Are we experiencing a “libertarian moment” in American politics? Some say yes, and of course, I’d like to believe that. Others say no. Unfortunately, the debate has largely been about the sentiment of young voters. As interesting as that may be, there is no age limit for voting at the polls. What I really want to know is the sentiment of voters writ large. Hard data on that question is not available (yet), but what data we do have suggests skepticism.
While there are plenty of opinion surveys out there to choose from to answer the question, we want to avoid cherry picking the polls to get the answers we want. And the best way to avoid that it to repair to the “policy mood” time series first created by political scientist James Stimson in Public Opinion in America: Moods, Cycles, and Swings (1991) and updated since by the Policy Agendas Project at the University of Texas at Austin.
The policy mood dataset is a statistically sophisticated aggregation of all available commercial and academic surveys of public opinion regarding various policy issues since 1946. The questions tend to eschew the abstract (“Do you support more or less government in our lives?”) for the concrete. A typical question making up the policy mood data looks like this:
Some people believe that we should spend much less money for defense. Others feel that defense spending should be greatly increased. Where would you place YOURSELF on this scale, or haven’t you thought much about this?
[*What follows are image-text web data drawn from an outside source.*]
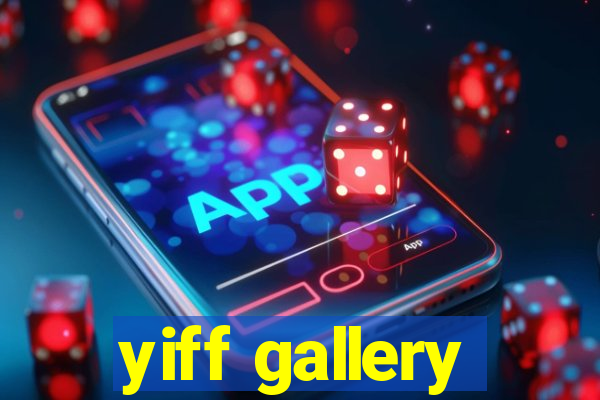 yiff gallery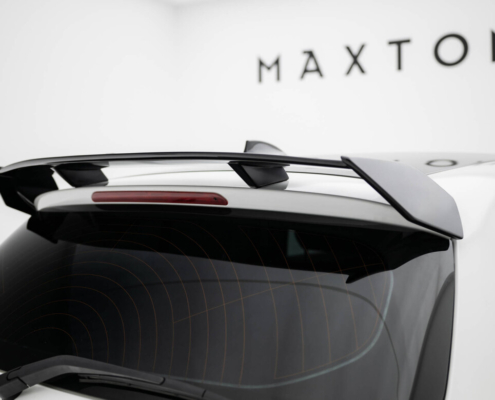 dtm-look-heck-spoiler-heckfluegel-fuer-bmw-1er-m-paket-m140i-standard-f20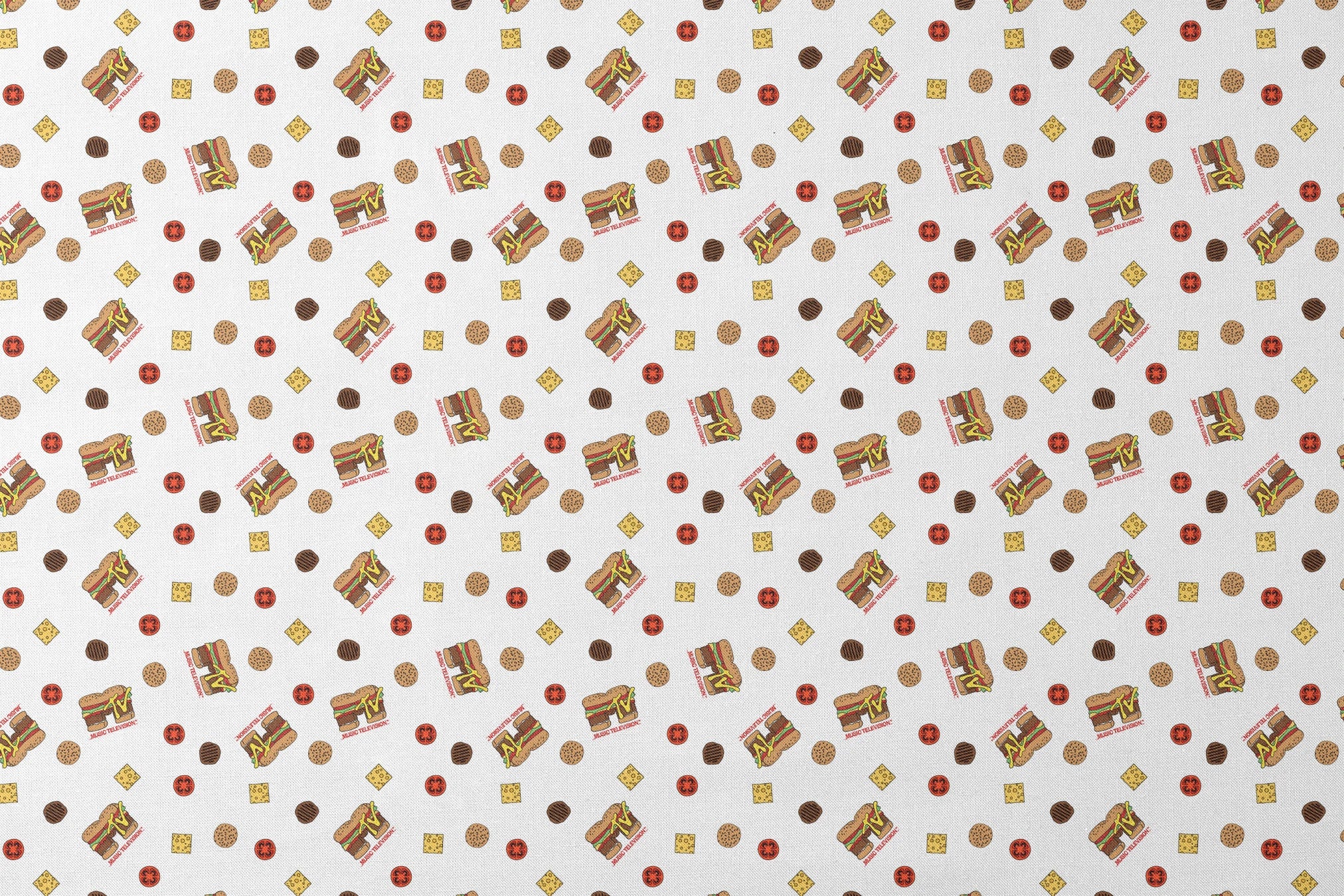 designs flat mockup
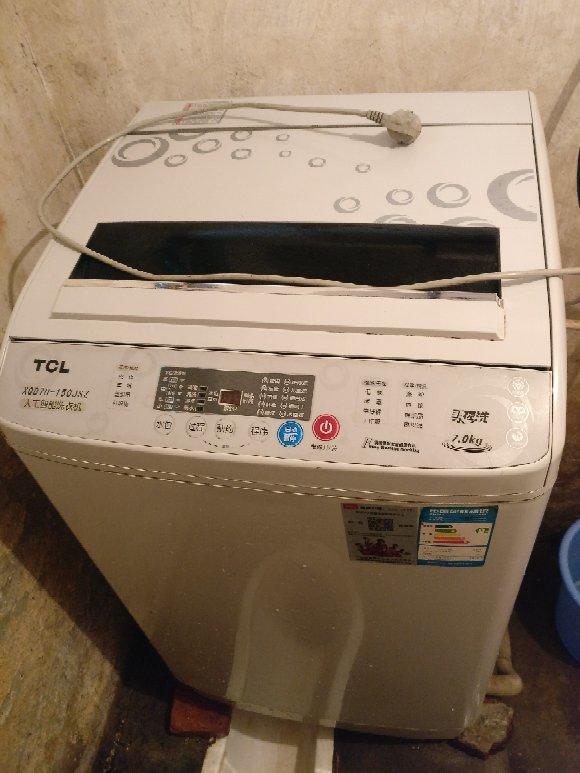 深圳美的洗衣机维修电话号码查询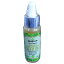  ɥ ͭ SEED OIL 30ml ŷ100% ˥å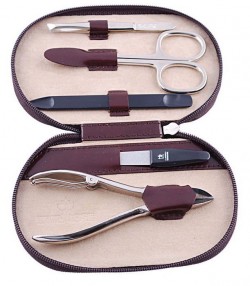     WindRose Classico 3467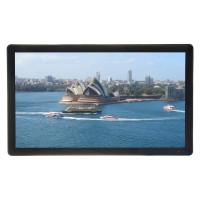 Таванен монитор 24\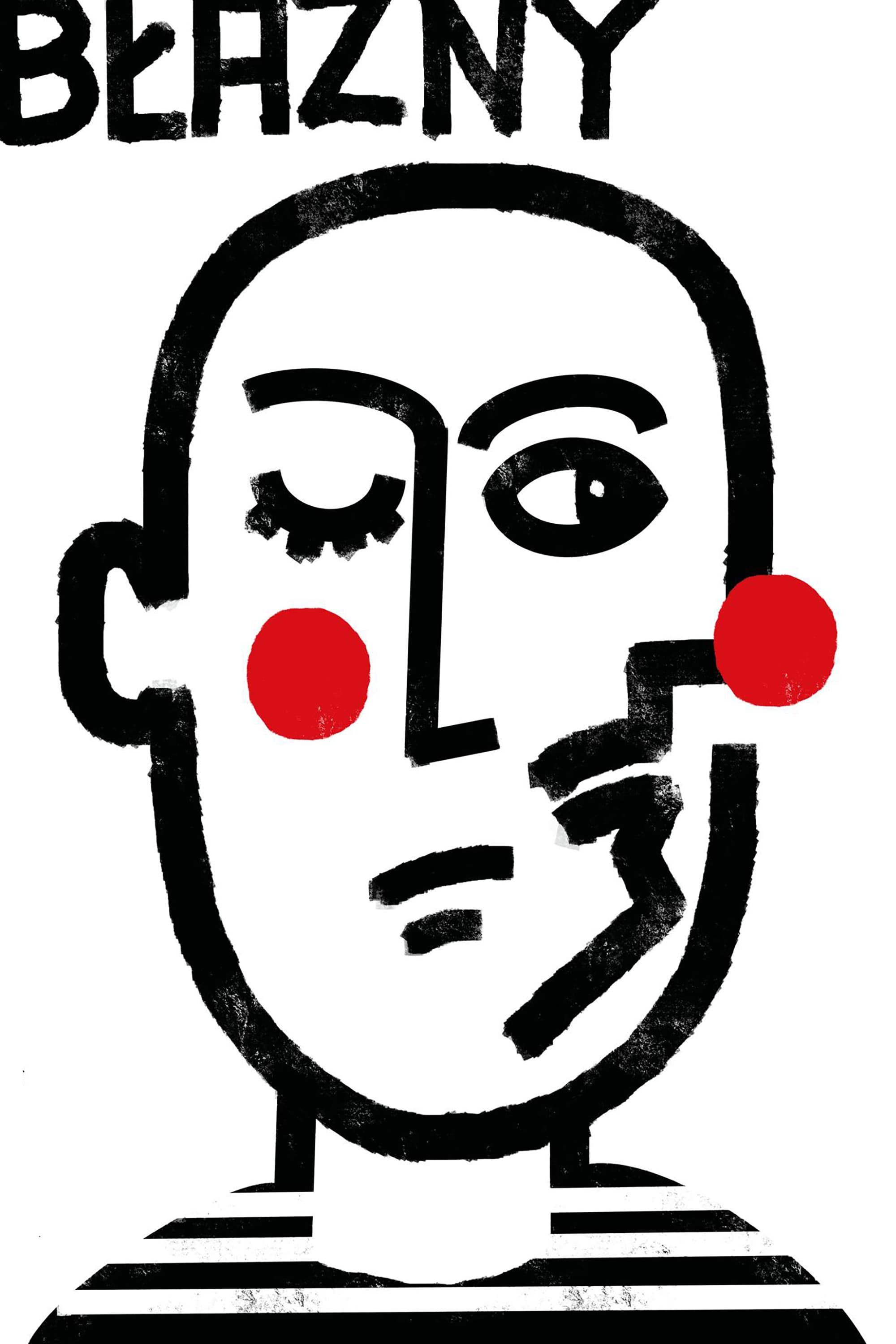 The Clowns - Bild 1 von 5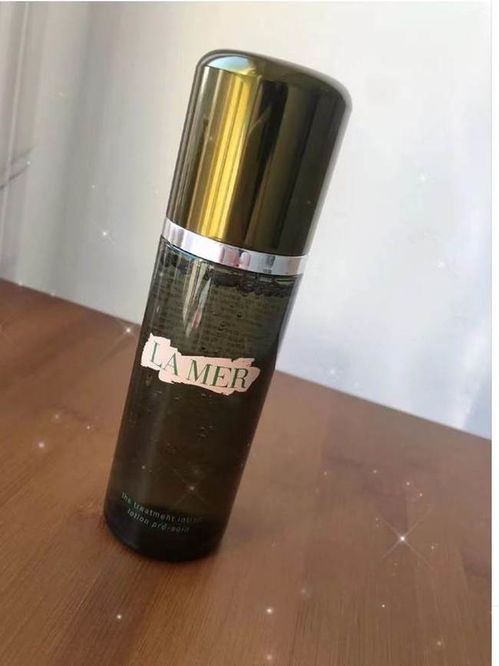 三十歲抗初老護(hù)膚品推薦 微立氣瓶系列全解析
The aggregation works because support for government intervention in one policy arena moves in tandem with other policy arenas. So even though the baseline of public support for more government differs across issue domains, when public support for move government intervention to reduce pollution, say, rises by 10%, we’ll also find that public support for more farm subsidies will likewise rise by roughly the same degree.
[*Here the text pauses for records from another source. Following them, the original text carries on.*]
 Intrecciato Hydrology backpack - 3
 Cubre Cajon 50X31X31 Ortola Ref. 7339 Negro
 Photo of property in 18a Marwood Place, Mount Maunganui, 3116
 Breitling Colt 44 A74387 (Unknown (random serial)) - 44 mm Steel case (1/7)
In the 4th quarter of 2011 – the most recent quarter for which we have policy mood data – public support for liberalism (popularly understood) stood at 55%.
There are plenty of libertarian sentiments buried in the basket of liberalism, however, so that number tells us less than we might wish. Accordingly, let’s disaggregate the data and look simply at domestic economic issues (tax and spending matters), regulation, and support for various wealth transfers. While libertarianism is about more than that, it’s hard to imagine a libertarian moment if public support for government in those policy arenas is strong.
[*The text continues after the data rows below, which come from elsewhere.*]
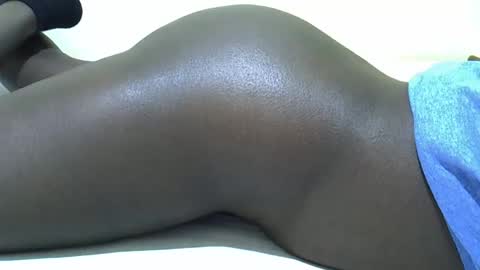 Loner online show from November 30, 3:54 am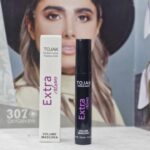 ریمل حجم دهنده و بلند کننده توجاک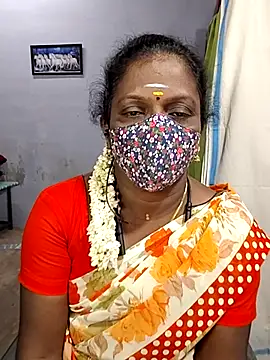 umashreetamil online show from 11/23/25, 03:22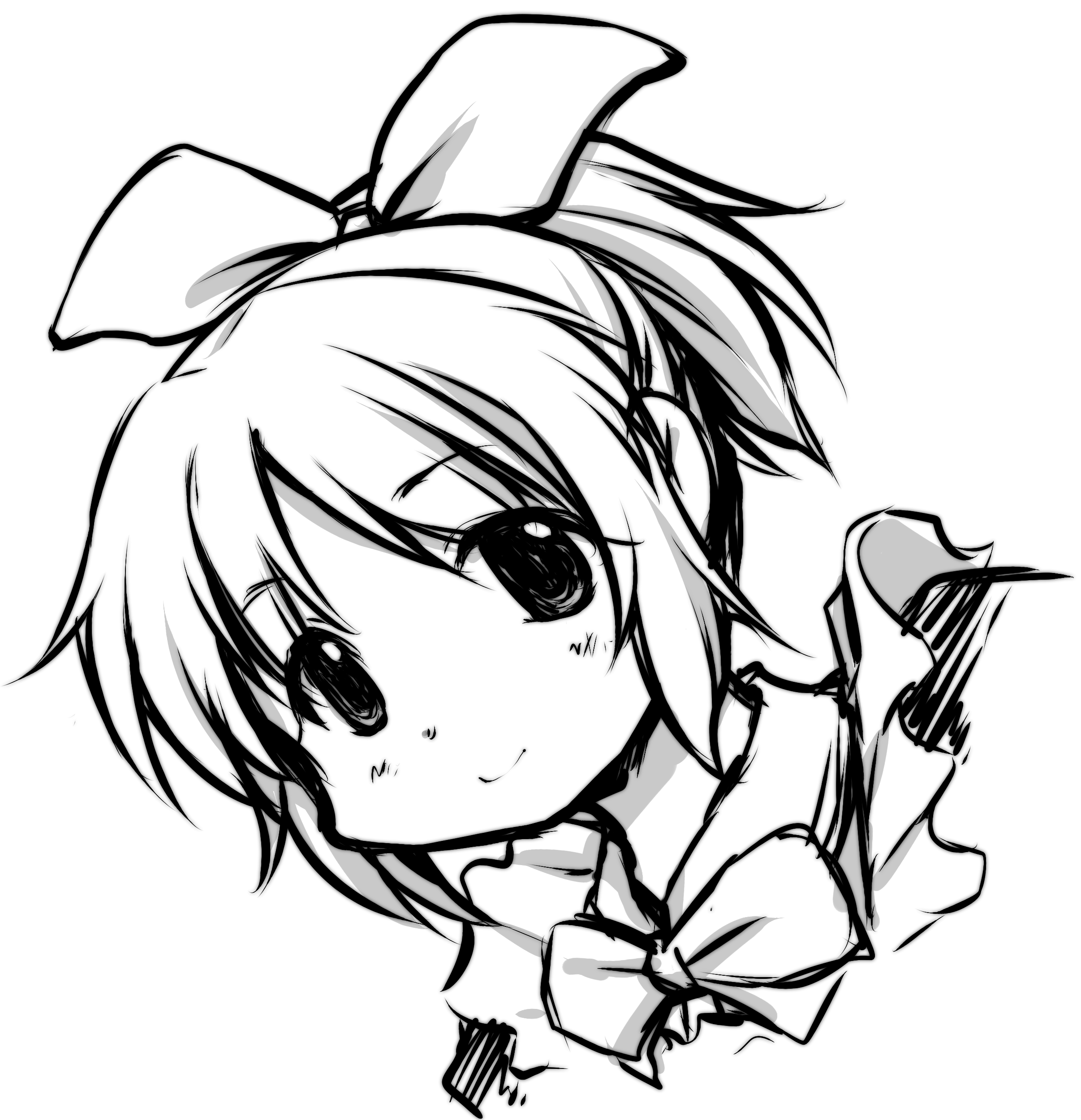 最新イラスト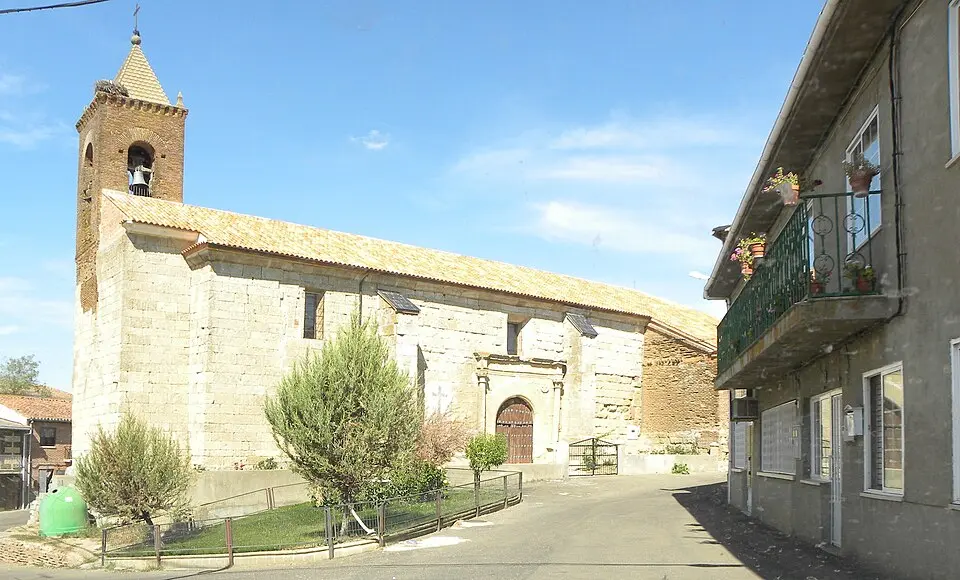 Obrázok: PatianaRS · CC BY-SA 3.0 Villaescusa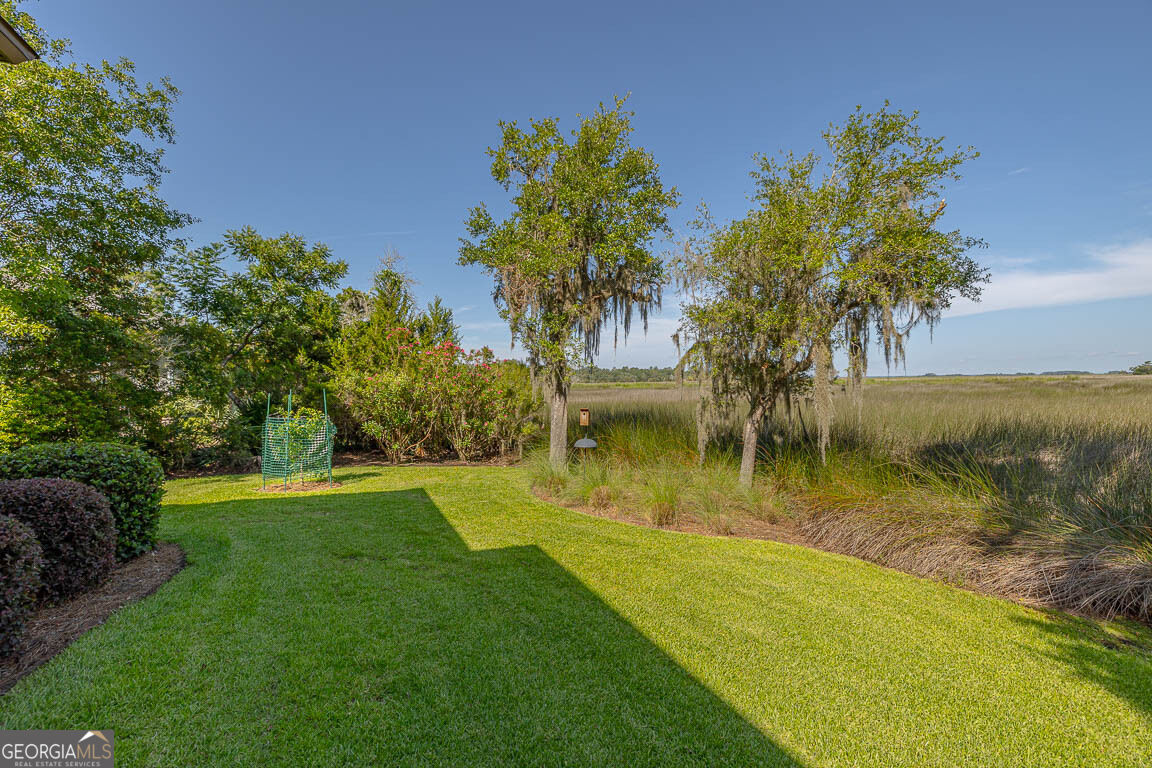 135 Rice Street St. Simons Island, GA 31522 - Photo 43 of 66 Gallery Image 43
In 2010 – the most recent year for which we have that data – public support for more government along those dimensions stood at 68% (nine percentage points higher than the public support for liberalism in 2010).
Of course, four years is a long time in American politics, but it’s not that long. While it’s possible that a massive collapse in support for government has occurred since then, bear in mind that public support for liberalism (again, popularly understood) has never dipped below 48% (the figure reached in 1952). The lowest degree of support for government along our more narrow set of core economic issues (let’s call it the Taylor data subset) has likewise never dropped below the record set in 1952 – 52%. In fact, public support for government along these economic dimensions has been increasing.
One often hears that survey questions like these are bogus because they are usually unaccompanied by any mention of the higher taxes or increased borrowing necessary to pay for whatever government program is on the table. But Stimson finds that there is little difference in the responses to survey questions that mention cost and survey questions that don’t. Regardless, trends in public preference for more or less government still tell us something even if this criticism is valid.
A stronger objection might be that public opinion is so uninformed that such questions do not elicit true beliefs because there ARE no true beliefs to unearth. Perhaps. But if so, “libertarian momentarians” are no better off. There can scarcely be a libertarian moment if there are no real ideological preferences of any sort in the American public.
Hopefully, someone will crunch the more recent survey numbers to produce the 2011-2014 policy mood data. I’m betting that, when they do, it will show far less of a “moment” than libertarians would like to see.